Might be easier as a few patches - renaming the existing option, adding the new one, then removing the single split dwarf flag handling in favor of implying that by the absence of an output file name. (if I'm reading what this patch does)

include/clang/Basic/CodeGenOptions.h
185–188

Comments are a bit inconsistent - "filename for the split debug info" versus "name for the split debug info file" - makes it perhaps a bit harder to see what the important difference is between these two values.

It might be helpful to clarify "used in the skeleton CU" as "Used as the dwo_name in the DWARF" versus "the name of the file to write the .dwo sections to" or something like that?

lib/CodeGen/BackendUtil.cpp
847

Why did this add a check for EnableSplitDwarf here that wasn't there before?

aaronpuchert marked an inline comment as done.Jun 3 2019, 7:47 AM

Might be easier as a few patches - renaming the existing option, adding the new one, then removing the single split dwarf flag handling in favor of implying that by the absence of an output file name.

No problem, makes sense to me. I'll see if it's possible to separate these changes.

if I'm reading what this patch does

Yes, that seems to be how llc behaves, and I want to copy that.

lib/CodeGen/BackendUtil.cpp
847

I just changed the order, the check was there as (CodeGenOpts.getSplitDwarfMode() == CodeGenOptions::SplitFileFission) in the second line of the if.

aaronpuchert planned changes to this revision.Jun 3 2019, 7:47 AM
aaronpuchert added a comment.EditedJun 5 2019, 9:24 AM

Might be easier as a few patches - renaming the existing option, adding the new one, then removing the single split dwarf flag handling in favor of implying that by the absence of an output file name.

No problem, makes sense to me. I'll see if it's possible to separate these changes.

I have managed to split this into commits that build and test fine own their own, but there are temporary inconsistencies. If I rename -split-dwarf-file to -split-dwarf-output first, then I have to use that option for -enable-split-dwarf=single, and then I reintroduce -split-dwarf-file and have to change it back. It's not a huge problem, but it might feel a bit weird. On the other hand, the changes are indeed smaller and easier to review. I will push them soon.

Split from other changes as suggested. A predecessor is in D63130, and a successor will come soon.

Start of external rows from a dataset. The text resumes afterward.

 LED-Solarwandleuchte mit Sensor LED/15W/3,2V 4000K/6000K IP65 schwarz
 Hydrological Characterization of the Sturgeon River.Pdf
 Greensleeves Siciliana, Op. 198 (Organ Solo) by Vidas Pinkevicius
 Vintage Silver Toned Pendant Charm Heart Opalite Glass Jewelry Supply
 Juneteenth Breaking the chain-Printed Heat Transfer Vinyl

aaronpuchert edited the summary of this revision. (Show Details)Jun 11 2019, 4:21 AM

Correct an oversight.

aaronpuchert marked 2 inline comments as done.Jun 11 2019, 2:12 PM

Might be easier as a few patches - renaming the existing option,

D63130

adding the new one,

This change.

then removing the single split dwarf flag handling in favor of implying that by the absence of an output file name. (if I'm reading what this patch does)

D63167

dblaikie accepted this revision.Jun 11 2019, 5:56 PM

Looks good!

This revision is now accepted and ready to land.Jun 11 2019, 5:56 PM
aaronpuchert added inline comments.
lib/CodeGen/BackendUtil.cpp
1345

@pcc Could you (or perhaps @tejohnson) comment on what the intended behavior is here, and how I can change the test so that it fails when I do the wrong thing? Is this the name of the file we write the split debug info to, or is it the value we use for the DW_AT_[GNU_]dwo_name attribute in the skeleton CU?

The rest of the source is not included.